Know what I'd be doing with that hour? Getting kicked in the junk by a sleeping three-year-old on one side of me, while trying not to wake the sleeping five-year-old on the other side of me--one numb arm pinned under each tender head so they won't wake up and start telling me about how many peanuts an elephant can eat in an hour, or why the letter C and the letter K can make the same sound, or how mint frozen yogurt makes their skin itch, or how they LOVE UMBRELLAS! Crucial morning discourse.
What were we talking about again? Oh yeah, surfboards. This triple stringer (balsa center with cedar offsets) is getting a crazy ass glass job and will not appear like this when finished. Although I'm not the biggest fan of shaping room shots, this will look like a totally different board when it comes back from the glasser, and there's something classic and about dark wood on crisp foam that needs to be celebrated.
Shaping triple stringers always guarantees my seat on the I'm Never Going to do This Again Train, as I spend more time tuning the sticks than I do with shaping some entire surfboards. Like, an obscene amount of time that I'm embarrassed to share with you. An exercise in precision and patience, sturm und drang (though listening to an audio of the excellent Jeffrey Eugenides novel The Marriage Plot took some of the sting out).
Cedar and balsa matching tailblock really tie the board together.
Then, immediately after the last (gentle!) pass of the sanding screen, all toils are forgotten.
Like that moment in the wee hours of the morning when you hear footsteps on the bedroom floor, then sense a 36" high body standing close to your prone form. Holding a pink blanket. Staring.
And even though the night before you were trapped on your back, fully awake, arms pinned to your sides, and you swore to your sleep-deprived self you'd never again let one of your kids into the bed with you, you feel a surge of joy.
And just as you welcome the warm, living body of your child under the covers, you welcome the moment when a customer says, "I was thinking about a triple stringer..." and the side of your brain responsible for schedules and timetables and dollars-per-hour and all that shit absolutely screams no!
Then the other part--the part that embraces your warm, semi-sleeping child under the covers with a smile and a nuzzle--says yes. It says, of course. And it says, I love this.

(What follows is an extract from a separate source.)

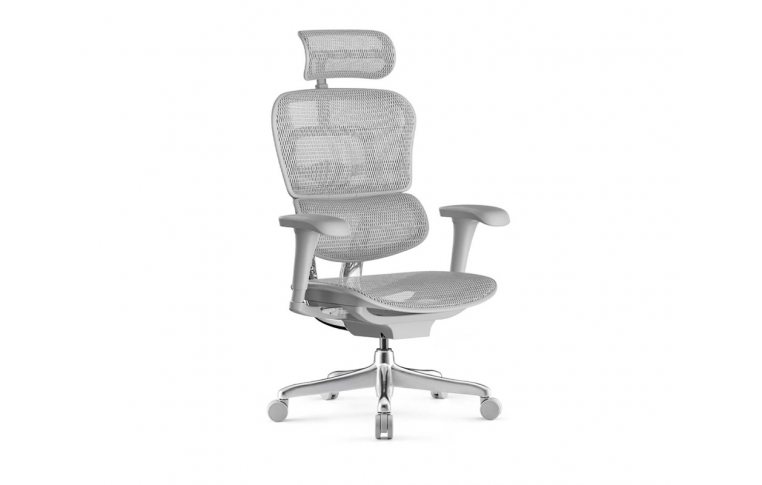 Кресла для руководителя: купить Кресло Ergohuman Project 2 - 1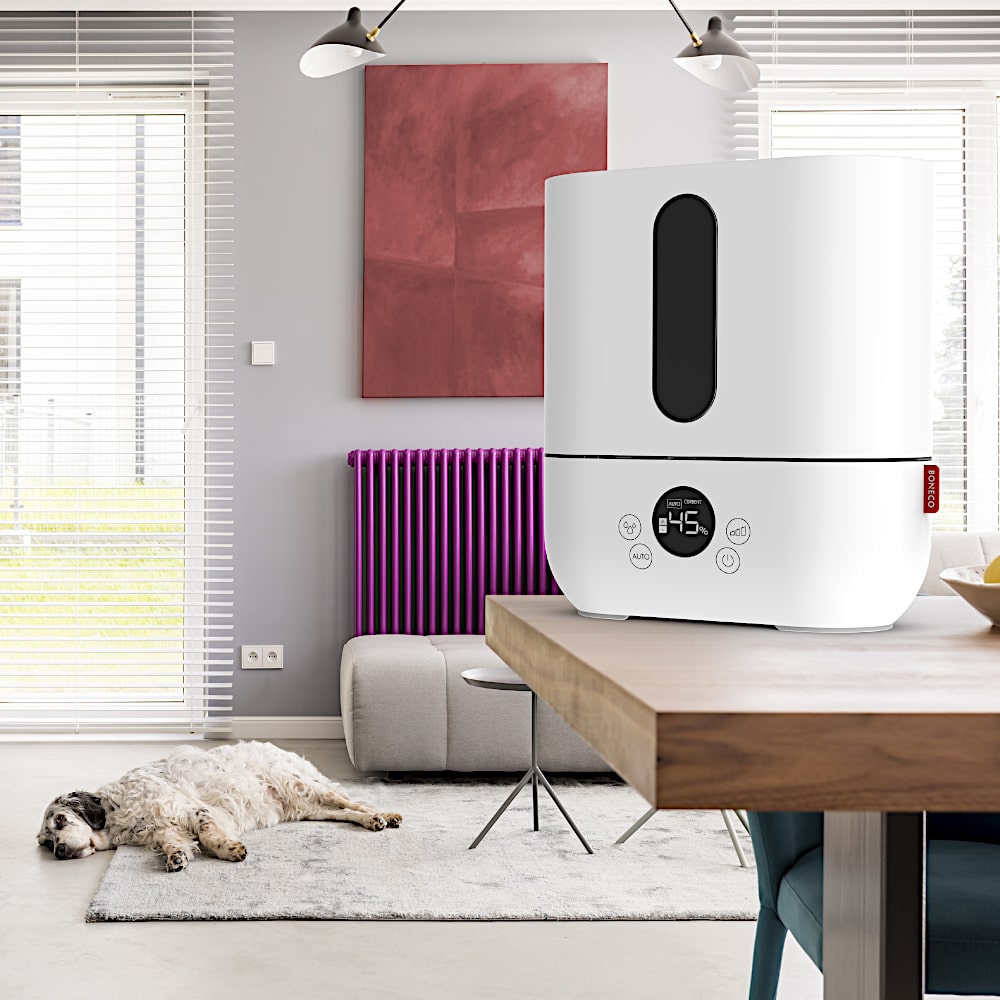 Boneco U250 Ultrasonic Humidifier 8LDay In Living Room With Dog - Aerify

What single malt would I pair this with this surfboard? Obviously, Laphroaig Triple Wood. The distillation spends some time in standard American Oak, then moves onto a quarter cask (smaller casks make the whisky interact more with the wood), then, finally, oloroso sherry casks for some rich fruit flavors. The result? The brooding peaty bulldog of standard Laphroaig is kept in check by the spiked collar of blackcurrant and berries. Smoke tempered by sherry. Savory tempered by sweet. Sleep tempered by joy. Wood tempered by foam. The plot of marriages. I love this.
2 comments:
Classic! All the way around. Cheers
One of these days; for small summer days, or teaching the new one the art of the glide... I'd love to get one.